### [Extracted records]
****************************************
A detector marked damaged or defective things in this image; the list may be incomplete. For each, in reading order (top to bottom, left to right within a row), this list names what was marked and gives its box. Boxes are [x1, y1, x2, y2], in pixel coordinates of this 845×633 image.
****************************************
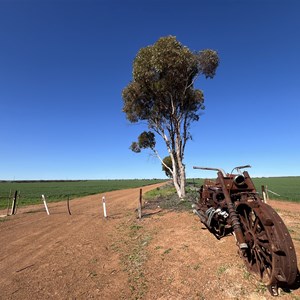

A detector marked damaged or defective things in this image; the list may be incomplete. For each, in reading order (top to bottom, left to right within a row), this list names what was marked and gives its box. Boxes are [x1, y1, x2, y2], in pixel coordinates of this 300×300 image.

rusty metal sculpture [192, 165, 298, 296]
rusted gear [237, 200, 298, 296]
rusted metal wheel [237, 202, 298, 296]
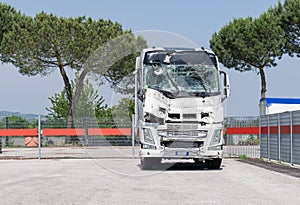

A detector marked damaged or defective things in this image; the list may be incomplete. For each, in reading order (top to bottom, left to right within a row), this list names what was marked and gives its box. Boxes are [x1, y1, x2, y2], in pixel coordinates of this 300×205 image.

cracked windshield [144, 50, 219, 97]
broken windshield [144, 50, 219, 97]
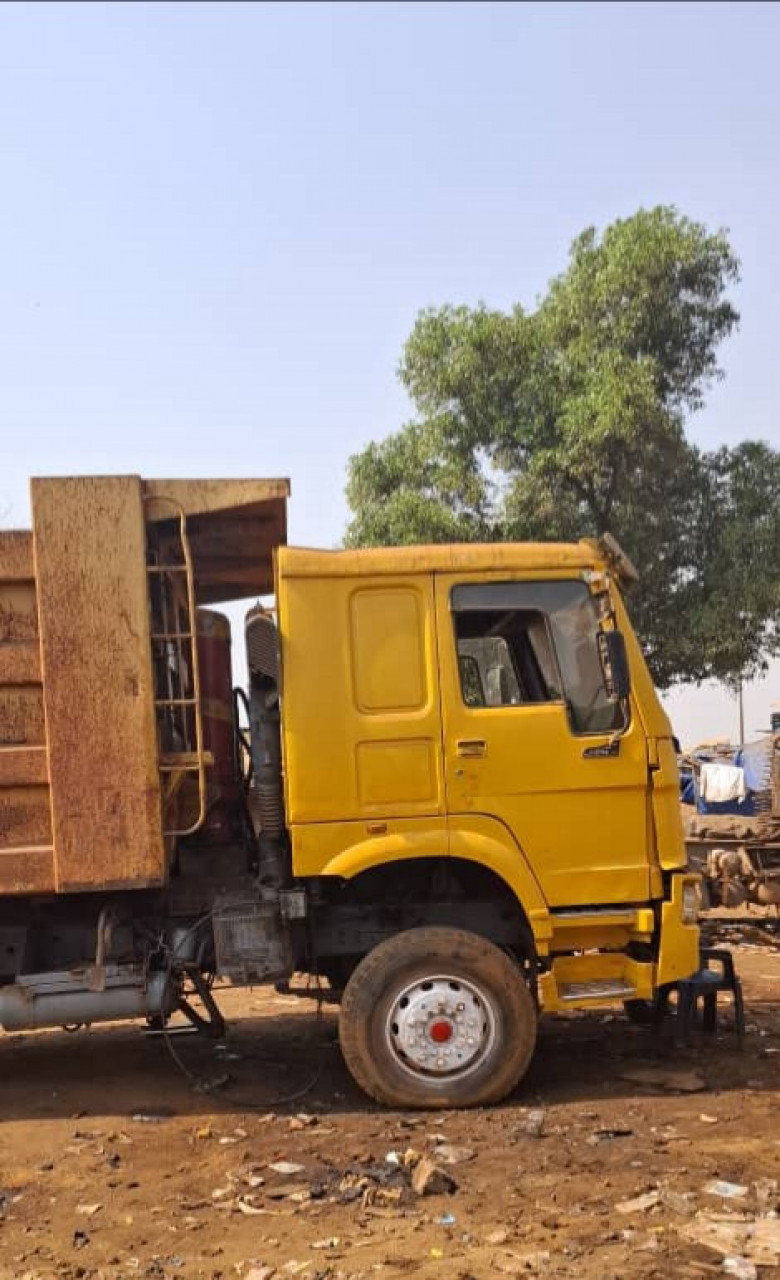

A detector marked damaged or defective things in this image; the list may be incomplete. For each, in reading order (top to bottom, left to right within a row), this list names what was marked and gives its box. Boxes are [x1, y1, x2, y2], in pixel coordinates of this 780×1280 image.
****************************************
### [Task]
Going by the entries above, repeat exactly the lines that start at the line with "this 300×205 image." and go on through the line with "this 780×1280 image.". Pictures are not part of the copy.

### [Written solution]
A detector marked damaged or defective things in this image; the list may be incomplete. For each, in reading order (top to bottom, left to right within a row), this list names what was marked and gives its box. Boxes are [x1, y1, x2, y2], in pixel coordinates of this 300×205 image.

cracked windshield [144, 50, 219, 97]
broken windshield [144, 50, 219, 97]

A detector marked damaged or defective things in this image; the list may be incomplete. For each, in reading order (top to bottom, left to right within a row), this list names what was marked and gives its box. Boxes are [x1, y1, x2, y2], in pixel coordinates of this 780×1280 image.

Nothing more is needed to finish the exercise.